Supplied material
▬▬▬

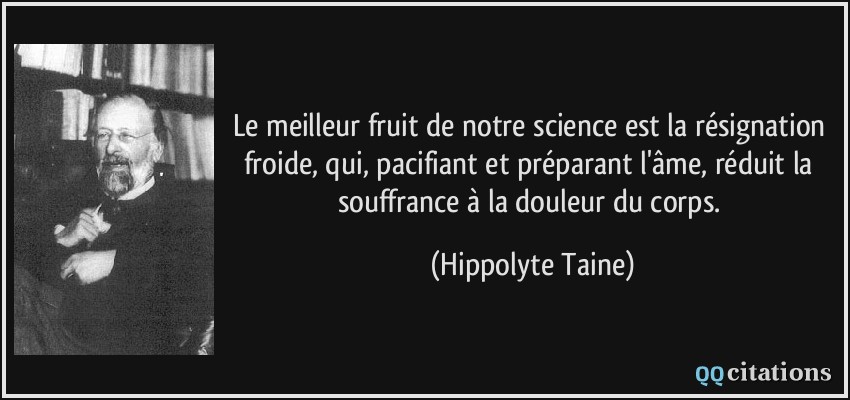 Le meilleur fruit de notre science est la résignation froide, qui, pacifiant et préparant l'âme, réduit la souffrance à la douleur du corps.  - Hippolyte Taine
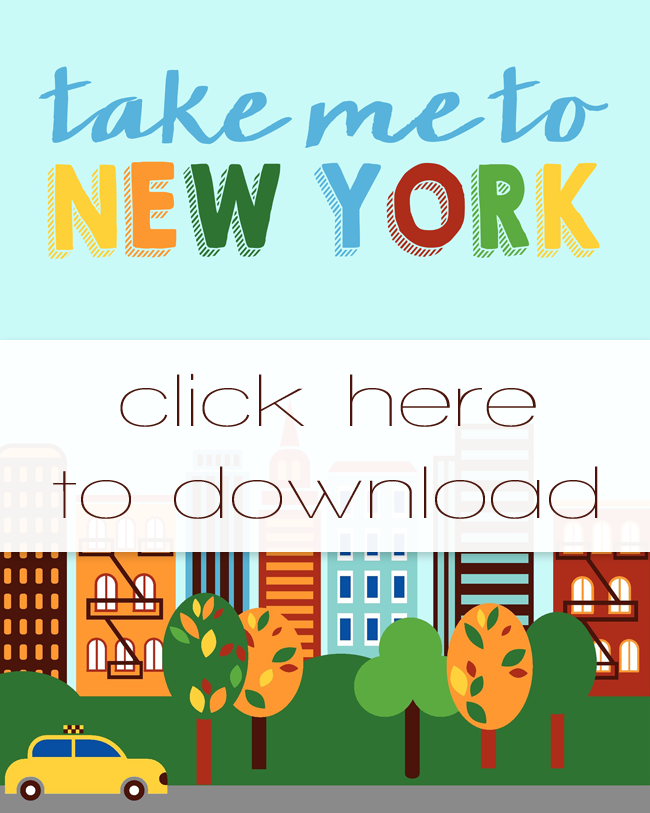 Take Me to New York Free Printable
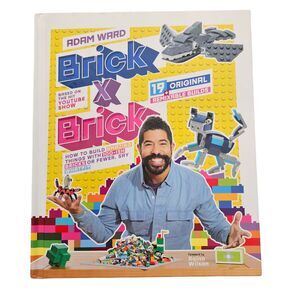 Brick x Brick  How to Build Amazing Things with 100-ish Bricks or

▬▬▬

Exercise aim
Would it be possible to give the material above again exactly, with the pictures left out?

Answer box
 Le meilleur fruit de notre science est la résignation froide, qui, pacifiant et préparant l'âme, réduit la souffrance à la douleur du corps.  - Hippolyte Taine
 Take Me to New York Free Printable
 Brick x Brick  How to Build Amazing Things with 100-ish Bricks or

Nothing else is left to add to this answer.